Blood-based TMB fails primary endpoint as biomarker for atezolizumab in NSCLC

The BFAST phase 3 cohort C trial tested blood-based tumour mutational burden (bTMB) as a predictive biomarker for first-line atezolizumab versus chemotherapy in advanced NSCLC. The trial narrowly missed its primary PFS endpoint at the bTMB-16 cutoff (HR 0.77, p=0.053). However, exploratory analysis showed high concordance between the clinical trial assay and the FoundationOne Liquid CDx.
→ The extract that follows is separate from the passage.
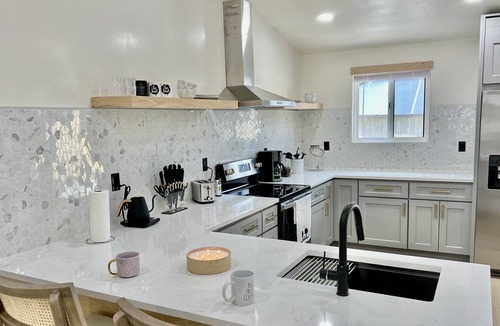 Camden House | Cozy Home Minutes From Downtown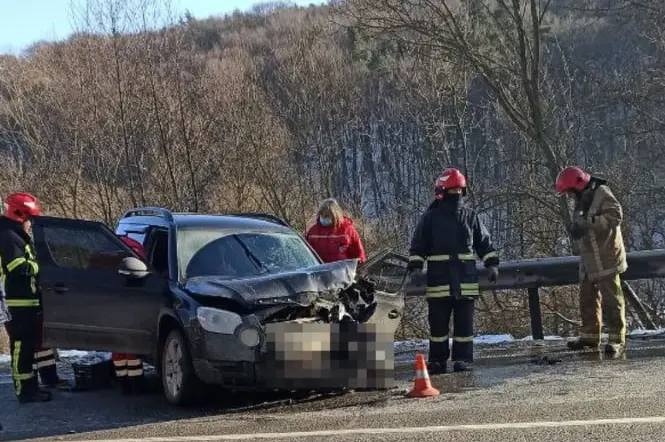 На об'їзній Львова сталася аварія, в якій загинули чоловік із дитиною. Оновлено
The results temper enthusiasm for bTMB as a standalone selection biomarker and call for further optimisation of cutoffs and cooperative biomarkers.

The original study

Atezolizumab versus chemotherapy in advanced or metastatic NSCLC with high blood-based tumor mutational burden: primary analysis of BFAST cohort C randomized phase 3 trial.

Authors
Peters S, Dziadziuszko R, Morabito A, Felip E, Gadgeel SM, Cheema P, et al.
Journal
Nature medicine
Type
Clinical Trial, Phase III, Journal Article, Randomized Controlled Trial, Research Support, Non-U.S. Gov't
PMID
35995953
Read the original study →

Original abstract

Tumor mutational burden (TMB) is being explored as a predictive biomarker for cancer immunotherapy outcomes in non-small cell lung cancer. BFAST (NCT03178552)-an open-label, global, multicohort trial-evaluated the safety and efficacy of first-line targeted therapies or immunotherapy in patients with unresectable Stage IIIB or IV advanced or metastatic non-small cell lung cancer who were selected for biomarker status using blood-based targeted next-generation sequencing. In the Phase 3 cohort C evaluating blood-based (b)TMB as a biomarker of atezolizumab efficacy, patients with bTMB of ≥10 (N = 471) were randomized 1:1 to receive atezolizumab or platinum-based chemotherapy per local standard of care. Cohort C did not meet its primary endpoint of investigator-assessed progression-free survival in the population with bTMB of ≥16 (hazard ratio, 0.77; 95% confidence interval: 0.59, 1.00; P = 0.053). Adverse events leading to treatment withdrawal occurred in 10% of patients in the atezolizumab arm and 20% in the chemotherapy arm. Adverse events of special interest occurred in 42% of patients in the atezolizumab arm and 26% in the chemotherapy arm. A prespecified exploratory analysis compared the bTMB clinical trial assay with the FoundationOne Liquid Companion Diagnostic assay and showed high concordance between assays. Additional exploration of bTMB to identify optimal cutoffs, confounding factors, assay improvements or cooperative biomarkers is warranted.